All the earthquake data that I use is from the Iceland Met Office earthquake catalogue dataset, and contains only manually verified earthquake data (99% quality).
It is very important to note, that while the data is very accurate, there are still some uncertainties in the dataset. Horizontal locations (epicenter) are very good, especially for M1+ quakes, but they can still have a possible minimum margin of error of about 100-200m in all horizontal directions.
The depth (hypocenter) however, is harder to accurately determine. And the accuracy depends first and foremost on the density of the monitoring network and the distance to the closest seismometer.

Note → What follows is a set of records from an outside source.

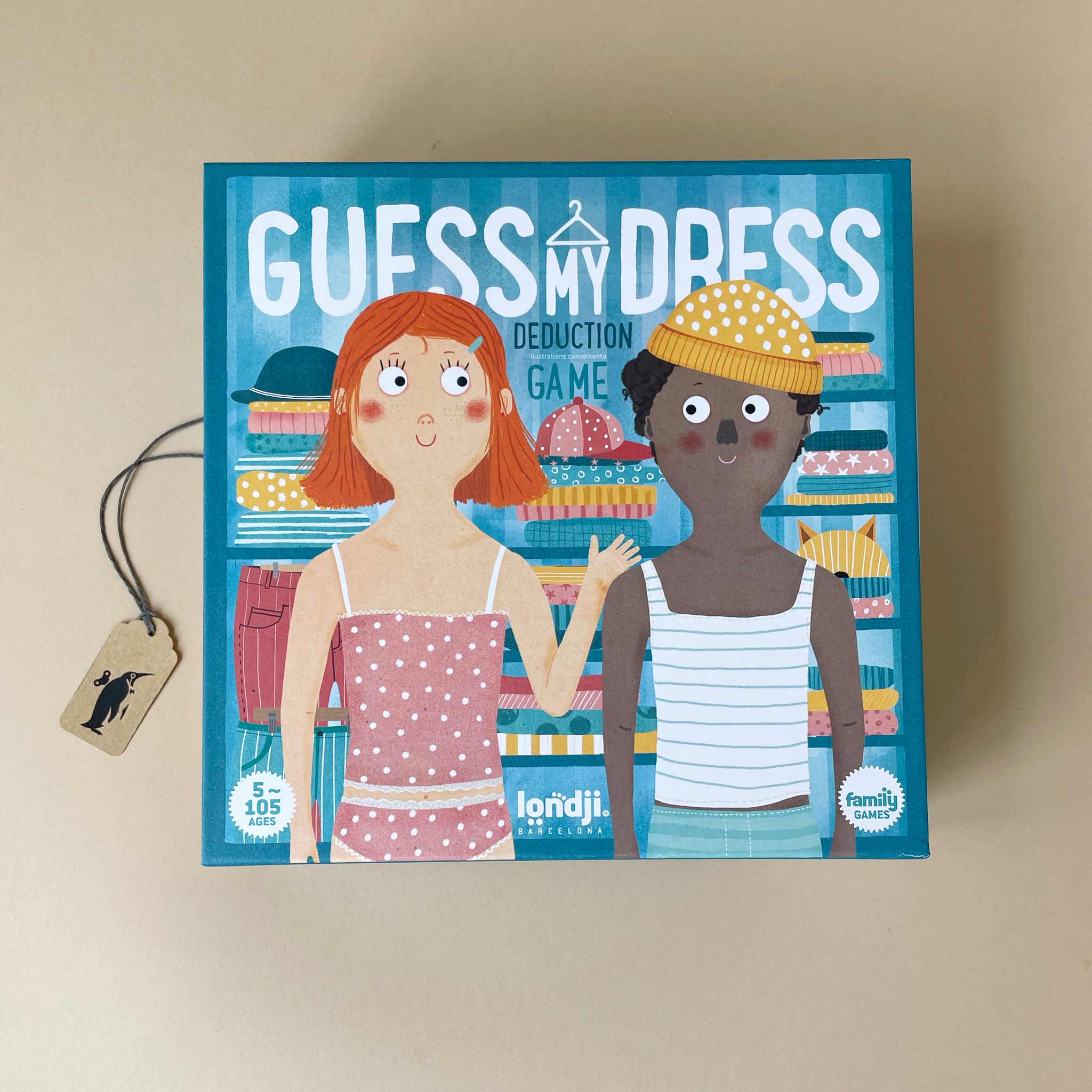 Guess My Dress Game - Games - pucciManuli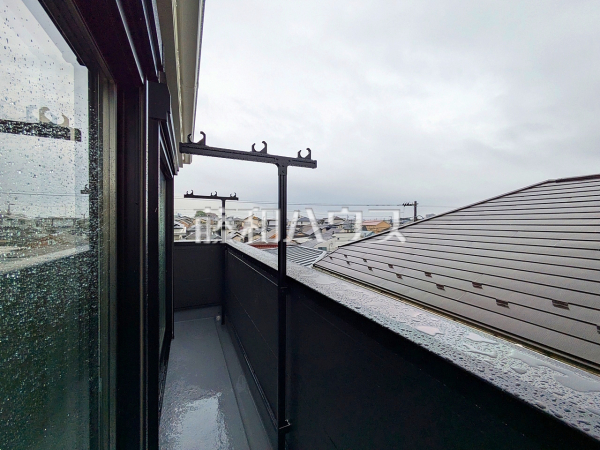 1号棟　バルコニー　【三鷹市中原４丁目】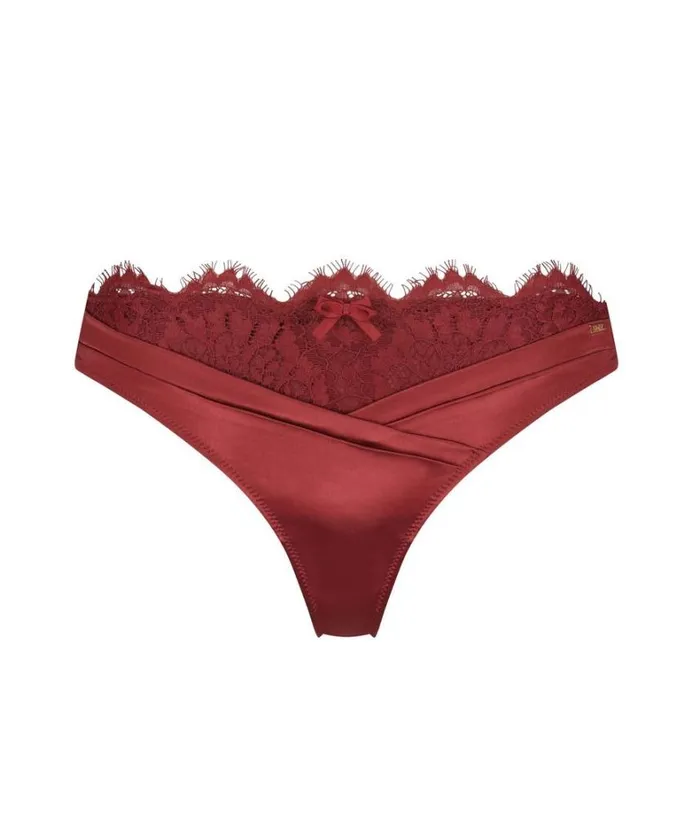 Hunkemller Hannako Thong 8211 Red Red 8211 Women Hunkemller Hannako Thong 8211 Red Red 8211 Women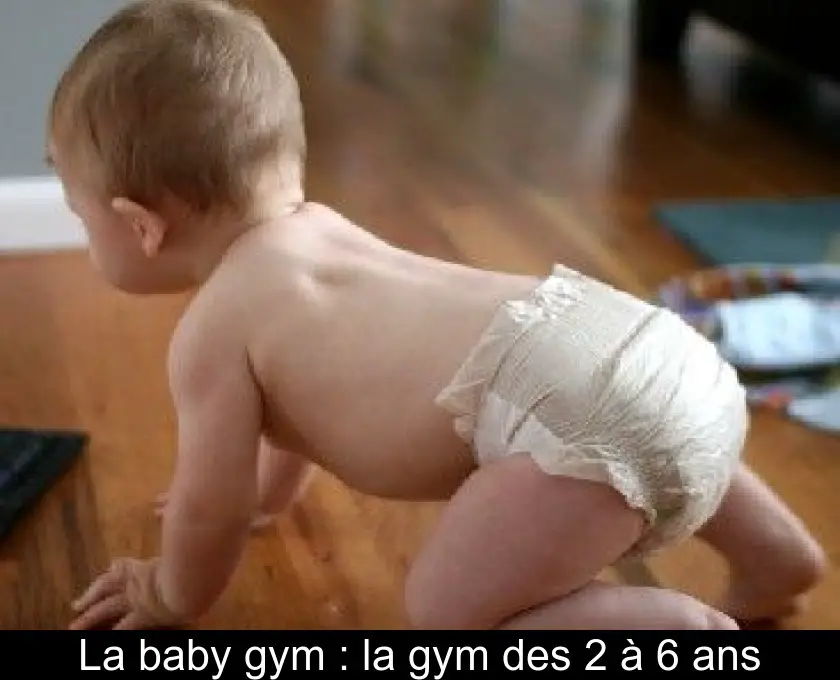La baby gym : la gym des 2 à 6 ans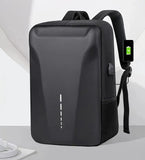 USB Business Hard Shell Backpack Men's Casual Fashionable Anti-theft Travel Backpack Advanced Tent Travel Waterproof Laptop Bag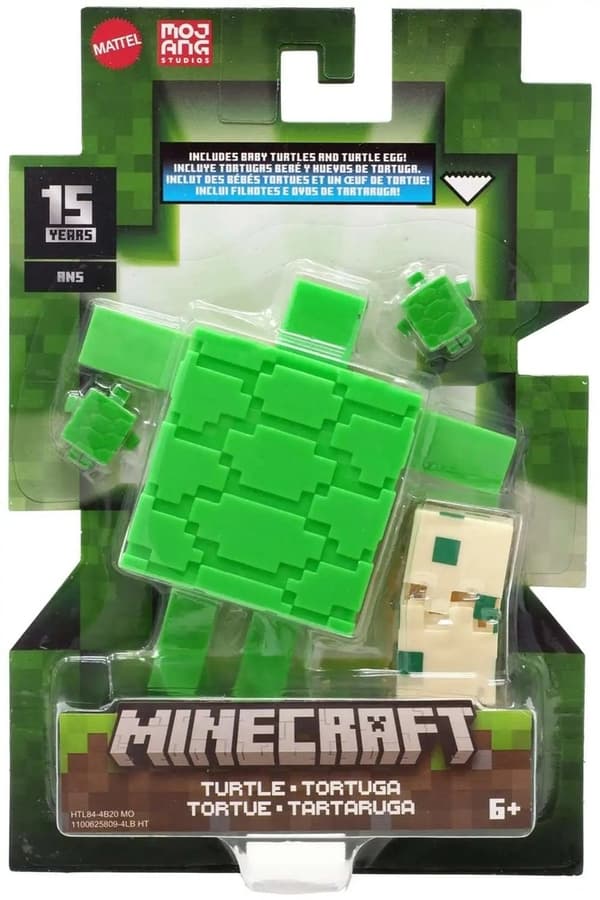 Minecraft Figur Turtle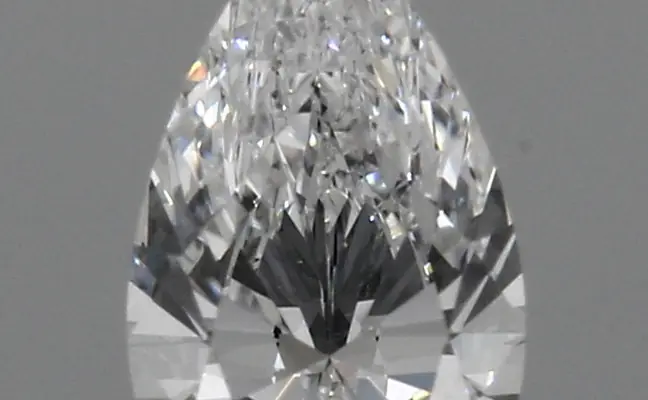 0.45ct D VS1 Pear (IGI)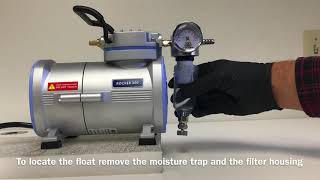 Rocker Vacuum Pump Float Troubleshooting [upl. by Godding]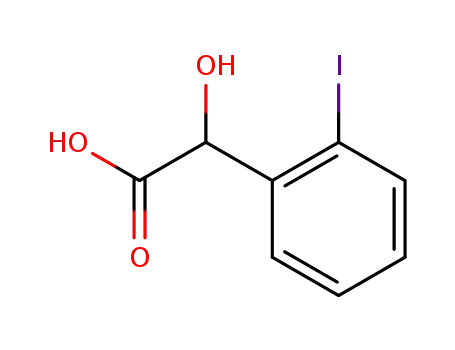 2-iodomandelic acid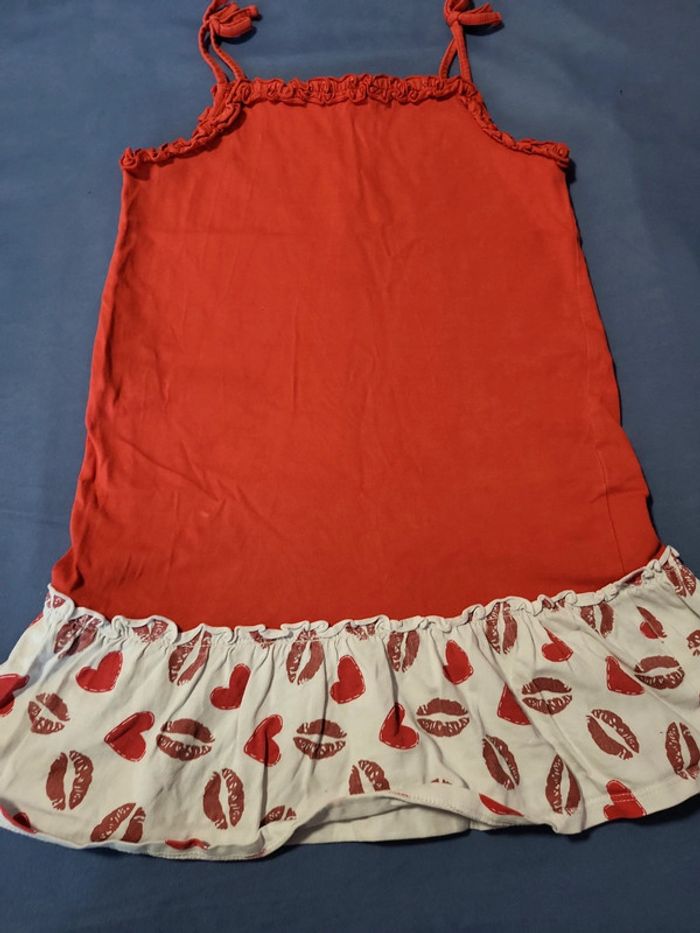 Robe été cœur et bisou - photo numéro 5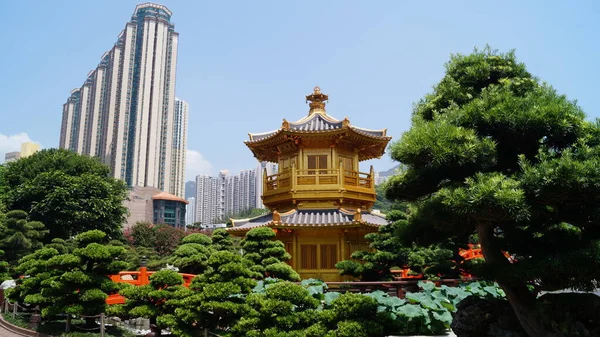 Edificios Históricos Ciudad Hong Kong China — Foto de Stock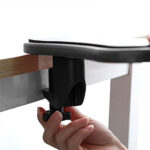 Rest guard arm rest desk extender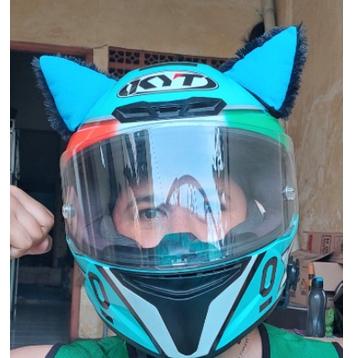 ❄️ Kuping kucing helm neko / kuping helm / Telinga Kucing /  Kuping kucing / aksesoris pengendara  /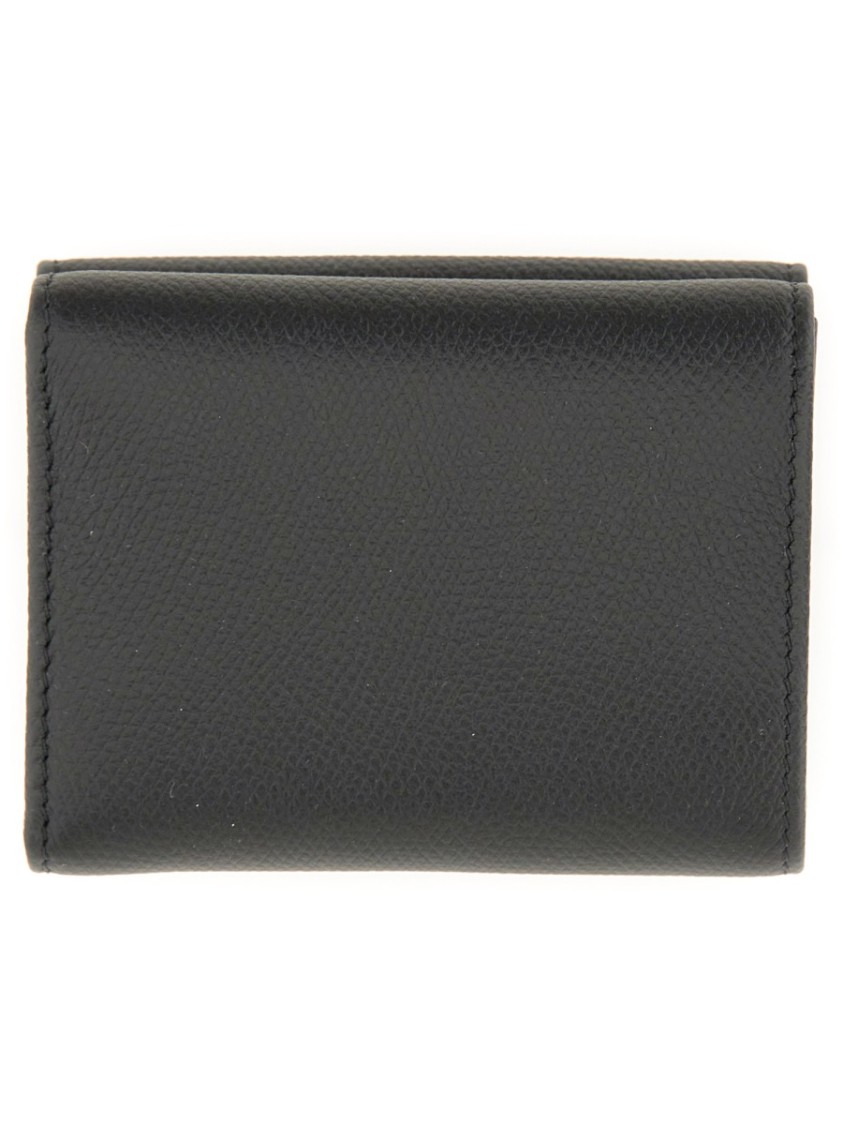 Valentino Vlogo Signature Trifold Wallet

It also depends on the depth (the deeper we go, the harder it is to accurately locate the hypocenetre of the earthquake), and the magnitude of the earthquake, since stronger earthquakes have stronger signals and are easier to accurately locate. Therefor we have to assume an average minimum margin depth error of 500m-1km.
For in-depth scientific research or tomography models, it is suggested and required to deposit a denser network of seismometers, which enables more accurate location of earthquakes. There are also several methods of “earthquake relocation”, which is essentially an advanced analysis of the earthquake recordings data, that determine the locations more accurately than a quick manual check, and reduce the location error margin in all horizontal and vertical directions.
For basic amateur usage, the first level manual verification is enough, but we have to keep the data uncertainties in mind at all times when doing the interpretation. Also of important notice is the earthquake monitoring network sensitivity, across Iceland in general, not just around Katla. The monitoring network is much denser today then it was 10 or 15 years ago, so we have to keep in mind that some earthquakes were not detected or located back in the days, which might in some cases across Iceland give (or amplify) an artificial appearance that the seismicity in some places is increasing compared to previous years. Compared to 5-10-15 years ago, the monitoring network sensitivity today is much greater and is thus also easier to accurately determine earthquake locations.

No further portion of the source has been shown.